An Olympic Architect’s Best Of London





While I’m qualified enough to assert that Horse Guards Parade is the best scene at these Olympics, I lack the expertise to review the London 2012 venues from an architectural standpoint. I do, however, have a friend and former Central Park baseball teammate who was a senior architect for New York’s Olympic Bid Committee (NYC2012), a games advisor for London’s organizing committee and currently works as a sports architect in New York. He is Scott Schiamberg, and this is his first guest post: an Olympic architect’s assessment of the medal-worthy venues in London.
GOLD MEDAL: Aquatics Centre

(Alistair Grant/AP)

(Heinz Kluetmeier/SI)
Designed by Iraqi-British architect Zaha Hadid, this is perhaps the iconic new venue of the London Olympics and was a central feature of London’s bid to host the 2012 Games. Hadid is a world-famous architect whose recent designs — including buildings, furniture, cars and even shoes — seem to emerge from quicksilver. While Zaha is not known for her projects coming in on time or under budget (the Aquatics Centre was designed before London won the rights to host the Games, yet it was the last venue to be completed and its original budget of $116 million escalated to over $400 million), the Centre’s swooping, fluid and wave-like forms makes it one of the most impressive Olympic and legacy venues for London. It’s an elegant, sculptural design and should be considered with some of the all-time recognizable Olympic venues such as the Beijing Water Cube and Bird’s Nest and Athens’ Olympic Stadium.
SILVER MEDAL: Velodrome

(John W. McDonough/SI)

(Olivia Harris/Reuters)
The London Velodrome by Hopkins Architects is an elegant, crisp design inspired by the program and efficiency of cycling and the bicycle (and unfortunately, or not, it is called the “Pringle” due to its roof’s resemblance to the popular potato chip).

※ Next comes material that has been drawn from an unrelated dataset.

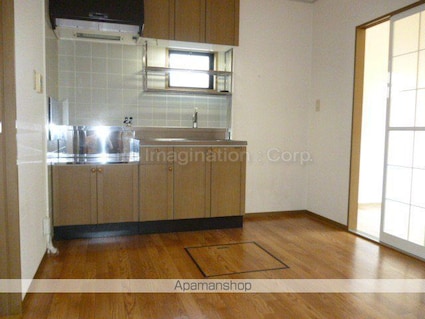 サニースクエア[3DK/54m2]のリビング・居間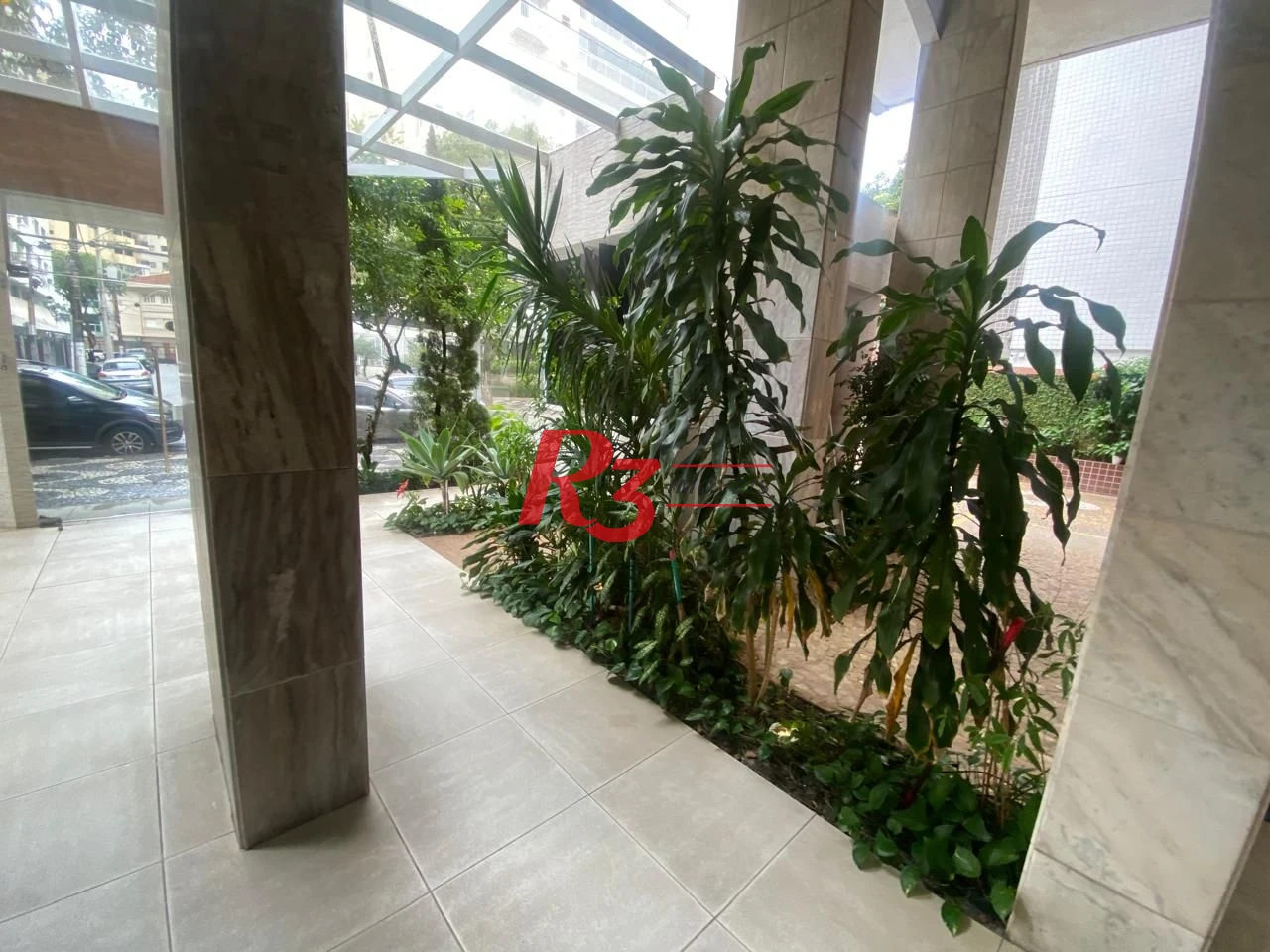 Apartamento com 3 dormitórios para alugar, 160 m² por R$ 7.500,00/mês - Gonzaga - Santos/SP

Its distinctive saddle shape and sustainable achievements are well-integrated in a creative and innovative venue. Despite the unique interior feature of a 250-meter wooden, banked track, most velodromes — with the exception of Athens’ in 2004 — have been uninspiring and less conceptually integrated.
The London Velodrome form, material and concept come together to provide a timeless and speed-record-breaking facility for track cycling. That the double-curved roof wasn’t lost in transition during the building process — a point when most architectural design is modified for cost savings and/or ease of construction — was a major victory. Inside the Velodrome, the engineering systems allow for passive convective cooling and the presence of natural light, which work together with the net of cables supporting the roof to let the building beautifully articulate itself.
BRONZE MEDAL: Coca-Cola Beatbox

(Luke Winn/SI)
This isn’t actually a venue, but it was too striking to ignore. Asif Khan and Pernill Ohrstedt’s “Beatbox” is a pavilion in Olympic Park made up of 200 interlocked translucent air cushions that visitors can “play” as an instrument utilizing innovative audio, lighting and responsive sensor technologies. The architects created a crystalline pavilion that fuses design, sport, music and technology in a multi-sensory experience as one ascends its exterior ramp. This will inevitably be one of the most photographed structures at the London Games, and it follows in the footsteps of the UK Seed Pavilion at the Shanghai 2012 World Expo by another British designer, Thomas Heatherwick.